Au XVIIème siècle, alors que la navigation vers les Indes orientales et occidentales se développe et que l’exploration du Pacifique commence, le besoin de se repérer en pleine mer devient crucial : des explorateurs découvrent des terres, mais personne n’arrive ensuite à les retrouver ! La solution couramment utilisée actuellement consiste à déterminer sa latitude (la distance à l’équateur) et sa longitude (la distance à un méridien donné).

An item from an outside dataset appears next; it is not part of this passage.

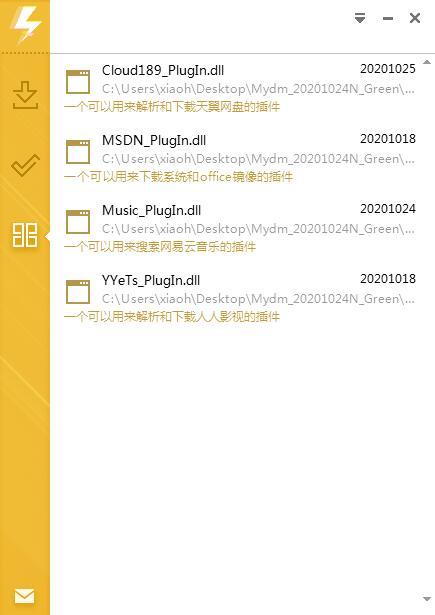 Mydm v20210211 绿色版 / Aria2版B49.1(图2)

Mesurer la latitude est aisé : on repère au sextant la hauteur de l’étoile Polaire sur l’horizon. Des tables ont aussi été dressées pour se baser sur la hauteur du Soleil ou de quelques étoiles majeures. Pour trouver sa longitude, la méthode est a priori très simple : il suffit de connaître son décalage horaire avec le méridien choisi comme origine (aujourd’hui, celui de Greenwich). 1 heure de décalage correspond à 360/24=15 degrés de longitude. Simple… sauf qu’en 1600, sur un navire perdu au milieu de l’océan, on peut connaître l’heure locale, mais pas celle de Greenwich ! Aucune horloge n’est alors capable de rester à l’heure pendant un voyage mouvementé de plusieurs mois. Et une erreur de seulement 5 minutes revient à se tromper de 150 km ! Les rois d’Espagne et d’Angleterre promettent des récompenses fabuleuses à celui qui trouvera une solution. De nombreuses méthodes sont alors expérimentées, mais sans succès :

  • La mesure de vitesse par le loch (une corde à nœuds flottante dévidée à l’arrière du bateau) ne convient pas si la vitesse et la direction du navire changent sans cesse.
  • L’angle entre l’aiguille de la boussole et l’étoile Polaire varie en fonction de la longitude, mais aussi de la latitude, et on ne parvient pas à calibrer ces variations.
  • On peut mesurer l’heure d’une éclipse de Lune, dont on connaît l’heure prévue en Europe. Hélas, il est rare d’en observer, et les prévisions astronomiques ne sont pas encore assez fiables.
  • L’observation des occultations par Jupiter des quatre satellites que Galilée vient de lui découvrir, est peut-être la piste la plus prometteuse. Malheureusement, pour voir ces petites lunes, il faut une lunette astronomique performante, dont seuls les meilleurs observatoires à terre sont alors équipés. Sans compter la difficulté de garder une visée précise sur un navire qui tangue ! La mesure du décalage entre la Lune et certaines étoiles fixes, à une heure donnée, pose les mêmes problèmes pratiques.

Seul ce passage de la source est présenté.